Beauty. That looks like the Orca fork; anyone know if that's what it is, or is it all new for the Onix?


----------



## cwilliams (Jul 26, 2008)

Nice, I might have to consider the white tape for mine now. 

The fork is the standard for that comes with the Onix. It now resembles what is on the Orca. 

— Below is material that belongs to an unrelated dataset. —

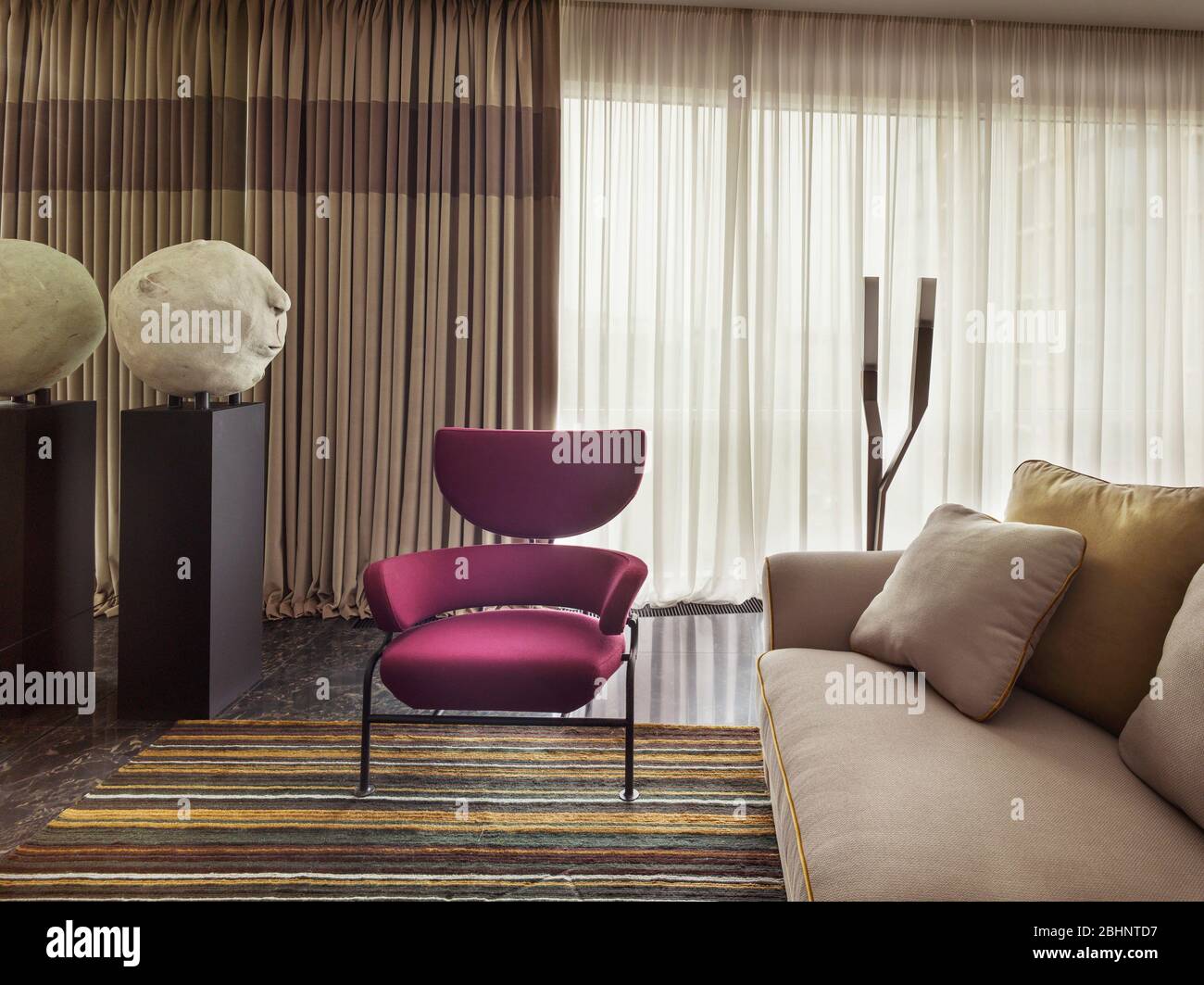 Luxury home interior; apartment interior design in Moscow Stock Photo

The Onix is a complete redesign


----------



## jazzman161 (Aug 3, 2008)

Thanks for the compliments.

My LBS asked if I wanted to swap out the tires for white-walled and a white seatpost as well but I didn't want to go overboard. I'll probably do that here soon though. hehe


----------



## GregH (Jul 27, 2008)

Sweet bike! You're already faster.....


----------



## jazzman161 (Aug 3, 2008)

So after one ride I already have a chip in the paint somehow in the front fork. No idea how that happened. =/

I know there's a warranty on the paint/frame/fork but would something like this be covered? If Orbea will replace it, am I better off just doing it at my original LBS or the closest Orbea dealer? I don't want to have to go through all that resizing and everything again.


----------



## Amsmoore (Jun 11, 2008)

Chips happen. Its not gonna stay looking pristine if you use it the way its intended.


----------



## jazzman161 (Aug 3, 2008)

Thanks. Just making sure I wasn't alone. I figured road riding would be a little easier on my bike, as far as the frame and chipping go, compared to mt. biking.


----------